Thoughts on Coronavirus
HBR was not the only institution looking greedy; there were some stories about companies pigging out at the trough, especially large corporations getting PPP aid that was really slated for small businesses. Here's an article from New York Times that provides examples of large corporations that for a couple of years used the tax cuts of 2017 to buy back stocks rather than do some investments or other smart strategic moves. Now, they are coming to the government saying, "Hey, we need some bailout assistance."
This is obscene.
I want to pay special attention to a paragraph about shareholders:
Still, the crisis has exposed the potential failings of a strategy embraced by many big companies: aligning their priorities with the interests of shareholders, many of whom are narrowly focused on the performance of a company’s shares. Shareholders, wanting stock prices to go higher, pushed management to use up cash on buybacks and dividends. And senior executives, paid largely in stock and on the basis of how the stock performed, were happy to oblige. The result was that companies often didn’t have much spare cash, leaving them even more exposed to economic downturns.
I have always felt shareholders were a huge part of our problem with capitalism. CEOs are pressured to take short term actions that may bode ill for the long term because shareholders are constantly asking for their quarterly numbers. It's all about the bottom line for the shareholders and has been for a long time. Stock prices shoot up when corporations announce mass layoffs? That alone shows shareholders do not care about societal impact of such layoffs. Turning of a blind eye when a corporation meets its stock price goals quarter after quarter, years after years? Shareholders aren't interested in digging deeper into the numbers because it's all about getting what they can now.

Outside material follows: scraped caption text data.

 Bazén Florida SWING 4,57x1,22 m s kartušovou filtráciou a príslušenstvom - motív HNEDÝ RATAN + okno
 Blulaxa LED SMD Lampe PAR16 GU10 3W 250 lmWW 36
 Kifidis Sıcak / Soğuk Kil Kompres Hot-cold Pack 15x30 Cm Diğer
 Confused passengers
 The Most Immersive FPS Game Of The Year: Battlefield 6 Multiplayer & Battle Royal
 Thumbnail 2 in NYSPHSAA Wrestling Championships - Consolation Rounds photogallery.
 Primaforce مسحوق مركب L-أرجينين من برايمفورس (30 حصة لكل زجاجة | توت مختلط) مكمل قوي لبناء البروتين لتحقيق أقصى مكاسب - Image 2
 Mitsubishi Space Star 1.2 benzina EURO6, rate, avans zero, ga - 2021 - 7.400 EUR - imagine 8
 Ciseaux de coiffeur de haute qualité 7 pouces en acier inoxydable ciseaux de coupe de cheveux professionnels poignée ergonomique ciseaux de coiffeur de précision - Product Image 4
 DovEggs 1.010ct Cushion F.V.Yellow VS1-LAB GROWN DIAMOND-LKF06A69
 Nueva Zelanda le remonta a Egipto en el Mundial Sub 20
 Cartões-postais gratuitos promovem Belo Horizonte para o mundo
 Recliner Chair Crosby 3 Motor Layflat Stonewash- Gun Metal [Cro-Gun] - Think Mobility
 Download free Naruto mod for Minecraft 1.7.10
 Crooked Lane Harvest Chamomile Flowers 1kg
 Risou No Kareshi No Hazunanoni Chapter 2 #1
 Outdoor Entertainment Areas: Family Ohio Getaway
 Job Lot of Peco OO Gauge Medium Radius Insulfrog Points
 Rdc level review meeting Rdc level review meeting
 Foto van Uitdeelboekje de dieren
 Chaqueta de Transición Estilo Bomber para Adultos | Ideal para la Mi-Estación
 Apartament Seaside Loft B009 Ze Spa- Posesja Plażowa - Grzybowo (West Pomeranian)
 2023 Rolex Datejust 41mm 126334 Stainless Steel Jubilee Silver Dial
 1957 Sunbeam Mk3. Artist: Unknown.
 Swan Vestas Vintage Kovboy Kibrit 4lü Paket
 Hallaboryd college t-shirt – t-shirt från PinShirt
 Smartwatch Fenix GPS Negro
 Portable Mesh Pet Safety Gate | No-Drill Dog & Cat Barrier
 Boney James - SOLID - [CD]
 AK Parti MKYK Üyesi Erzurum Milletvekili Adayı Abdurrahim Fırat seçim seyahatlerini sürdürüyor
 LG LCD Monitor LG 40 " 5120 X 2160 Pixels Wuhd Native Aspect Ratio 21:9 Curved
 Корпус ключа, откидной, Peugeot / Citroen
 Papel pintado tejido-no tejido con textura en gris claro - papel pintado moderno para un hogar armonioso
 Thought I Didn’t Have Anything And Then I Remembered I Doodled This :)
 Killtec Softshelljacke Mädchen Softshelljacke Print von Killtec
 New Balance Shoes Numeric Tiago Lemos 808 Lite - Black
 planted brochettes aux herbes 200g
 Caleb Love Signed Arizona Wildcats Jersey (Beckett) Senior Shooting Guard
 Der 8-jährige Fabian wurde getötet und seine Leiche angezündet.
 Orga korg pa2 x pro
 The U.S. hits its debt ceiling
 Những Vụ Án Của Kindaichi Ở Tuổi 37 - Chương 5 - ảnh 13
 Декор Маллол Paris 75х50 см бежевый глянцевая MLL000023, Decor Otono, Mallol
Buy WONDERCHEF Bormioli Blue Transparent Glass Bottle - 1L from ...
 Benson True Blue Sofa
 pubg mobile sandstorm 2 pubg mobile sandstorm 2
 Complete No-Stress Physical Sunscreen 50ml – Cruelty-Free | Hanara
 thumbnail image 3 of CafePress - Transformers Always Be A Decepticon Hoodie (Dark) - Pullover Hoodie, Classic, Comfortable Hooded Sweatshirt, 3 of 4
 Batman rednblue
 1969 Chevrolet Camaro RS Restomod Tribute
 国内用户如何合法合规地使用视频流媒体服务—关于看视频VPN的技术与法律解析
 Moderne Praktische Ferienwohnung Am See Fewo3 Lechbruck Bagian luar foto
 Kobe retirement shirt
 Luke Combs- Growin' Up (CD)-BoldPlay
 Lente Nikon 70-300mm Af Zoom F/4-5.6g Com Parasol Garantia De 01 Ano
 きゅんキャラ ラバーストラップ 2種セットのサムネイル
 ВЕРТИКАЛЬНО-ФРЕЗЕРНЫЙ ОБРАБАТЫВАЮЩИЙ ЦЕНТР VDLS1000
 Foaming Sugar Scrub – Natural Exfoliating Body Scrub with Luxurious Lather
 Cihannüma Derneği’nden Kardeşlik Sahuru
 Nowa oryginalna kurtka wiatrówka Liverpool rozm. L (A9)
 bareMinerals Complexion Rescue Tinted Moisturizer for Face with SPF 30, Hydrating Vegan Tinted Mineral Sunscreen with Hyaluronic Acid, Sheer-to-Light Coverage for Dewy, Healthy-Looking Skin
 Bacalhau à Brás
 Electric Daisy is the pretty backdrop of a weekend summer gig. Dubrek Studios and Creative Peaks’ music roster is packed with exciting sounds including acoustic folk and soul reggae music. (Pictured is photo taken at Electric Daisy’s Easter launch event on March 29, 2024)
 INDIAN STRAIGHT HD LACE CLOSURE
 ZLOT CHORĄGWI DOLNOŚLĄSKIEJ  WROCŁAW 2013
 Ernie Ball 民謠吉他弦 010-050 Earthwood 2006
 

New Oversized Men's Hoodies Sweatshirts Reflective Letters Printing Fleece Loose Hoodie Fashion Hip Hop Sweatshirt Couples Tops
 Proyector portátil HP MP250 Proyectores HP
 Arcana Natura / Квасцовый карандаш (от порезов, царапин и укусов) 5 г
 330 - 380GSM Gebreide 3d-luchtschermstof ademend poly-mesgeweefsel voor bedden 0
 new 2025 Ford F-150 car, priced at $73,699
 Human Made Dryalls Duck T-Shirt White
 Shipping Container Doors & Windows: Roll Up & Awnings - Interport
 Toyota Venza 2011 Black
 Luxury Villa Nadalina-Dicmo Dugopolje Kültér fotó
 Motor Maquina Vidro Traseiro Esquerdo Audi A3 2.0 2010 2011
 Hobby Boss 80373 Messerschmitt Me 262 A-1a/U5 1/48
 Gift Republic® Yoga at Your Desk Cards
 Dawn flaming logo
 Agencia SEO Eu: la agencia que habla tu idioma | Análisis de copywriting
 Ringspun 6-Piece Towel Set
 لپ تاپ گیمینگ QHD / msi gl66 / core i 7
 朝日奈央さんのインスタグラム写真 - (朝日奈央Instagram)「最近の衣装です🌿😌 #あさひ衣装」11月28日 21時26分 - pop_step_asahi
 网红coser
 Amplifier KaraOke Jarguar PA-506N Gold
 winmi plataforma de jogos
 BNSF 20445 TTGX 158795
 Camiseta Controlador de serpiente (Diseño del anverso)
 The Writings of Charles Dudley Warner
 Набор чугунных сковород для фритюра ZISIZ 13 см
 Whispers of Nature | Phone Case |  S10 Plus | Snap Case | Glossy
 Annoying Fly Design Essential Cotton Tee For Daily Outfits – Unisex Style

Who are the shareholders? Are shareholders composed of a lot of average Americans or are shareholders really mainly the wealthy such as hedge fund managers and private equity investors with inside track. That has been a question in my mind for many years because in theory, the average American is able to participate in the stock market and therefore, a lot of Americans, in theory, are shareholders. But...but...but...I found that hard to believe. In order to invest you would have to have the money to theoretically lose and still be able to pay your daily living expenses. You have to be comfortable of losing whatever earnings you got. I suspected most Americans did not have that luxury of theoretically losing their money in the stock market; the money just wasn't there. The other element was you would have to have an inside relationship with those handling your money and stocks, and my feeling was Wall Street looks out for Wall Street and the wealthy, not the average Americans. So I always struggled with who were the shareholders.
Then a couple of years ago, I read somewhere that the top 10% owned 93% of the shares and the top 1% owned 53%. Ding ding ding ding ding… now that makes more sense. In the past year or so, I have been reading similar statistics that the wealthy owns most of the stocks.
So yes, shareholders are a HUGE part of our problem.